They took any work there was for a group that could sing anything with staggering accuracy. Puerling's arrangements were a challenge for singer and listener alike, always switching parts around so you---and maybe they---weren't sure who was singing melody. They were like a group of musical acrobats, which might have been interesting in itself, but the ideas and harmonies were so close and delicious they soon got heard around LA. The West Coast was a place of adventure and new things at the time. Gerry Mulligan and Chet Baker and Dave Brubeck were winning audience with the young, and jazz was in the air. Their first break came when Jerry Fielding heard them.

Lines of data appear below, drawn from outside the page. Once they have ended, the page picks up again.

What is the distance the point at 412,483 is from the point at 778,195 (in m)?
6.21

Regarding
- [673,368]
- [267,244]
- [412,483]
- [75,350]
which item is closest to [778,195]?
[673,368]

Jerry had met Billy May when they both arranged for Alvino Rey's band after the War, and now was working TV directing bands on Groucho Marx and The Life of Riley. He also was in on the organization of a new small record label called Trend that offered The Hi-Lo's a first session immediately. On April 10, 1953, backed by a huge screaming orchestra under Fielding, they recorded a 45 RPM extended play album of 4 songs: They Didn't Believe Me, Georgia On My Mind, Peg O' My Heart, and My Baby Just Cares For Me. Trend made sure it got to DJs all over the country. The same month Sinatra recorded his first sides with Nelson Riddle.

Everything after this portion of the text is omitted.